I can't remember the last time I saw the old brick house; to see home
once again. Making it back here seems all like a dream to me now, a dream I
could wake up from at any moment. I told myself I wasn't going to set foot back
in this town, the place which made me into a man. I wasn't going to make it out
of the war alive, but I did. These old bones made it back to the States in one
piece when some friends of mine did not.
A Valkyrie was looking out for me, I could feel her presence the whole
time I was in that sand pit. She would lie beside me at night protecting me
from harm with her black wings.
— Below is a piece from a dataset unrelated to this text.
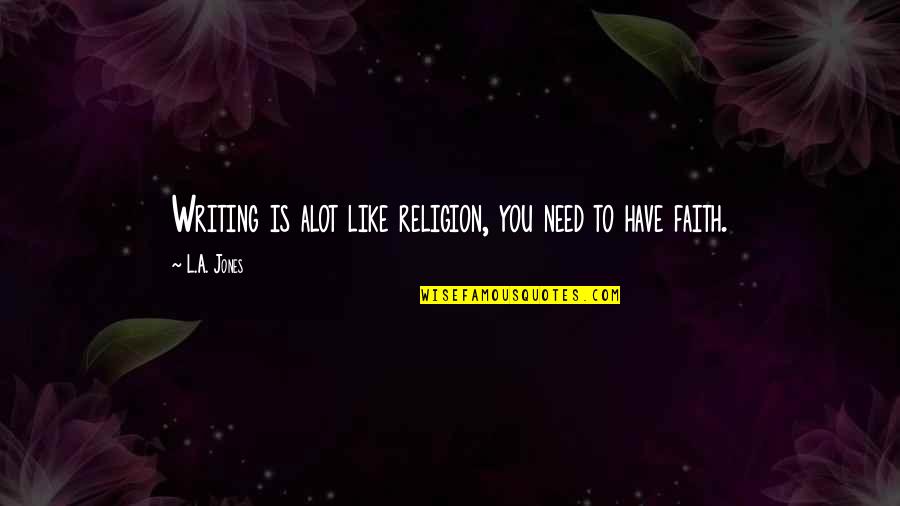 Sonjas Hemsida Quotes By L.A. Jones: Writing is alot like religion, you need to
She would march along with me every step of the
way. My warrior lady got me home alive, to step foot once more in this town we
both came from.
I
jumped into a rented car from the airport and rushed down I-85 North racing
home towards some good old southern cooking. Getting off the exit made me slow
my speed while I tried to calm myself down. Missing home was part of war; every
soldier did it, every soldier knew of the longing regardless of which side of
the line they stood. We all wish to see our family, our friends and rest in our
own beds. We all wanted it and I was going to have it, my reward for the blood
on my hands.
I try not to put the pedal to the floor on Concord Parkway because I
remembered there was always a cop or two waiting to hand a painful golden
ticket to some poor soul. They sat between the mall and the Speedway, an enemy
in waiting in their own kind of way.
They might let me pass with just a warning considering I'm dressed in
my Marine Blues. My mother's cooking paid for the uniform, she loved seeing me
in it, even if I hate the uniform. A Marines real uniform is what he wore into
battle. Not wanting to test the fates, the car slowed, and I drove by them
eyeing the blue and white crows wishing to feast on me.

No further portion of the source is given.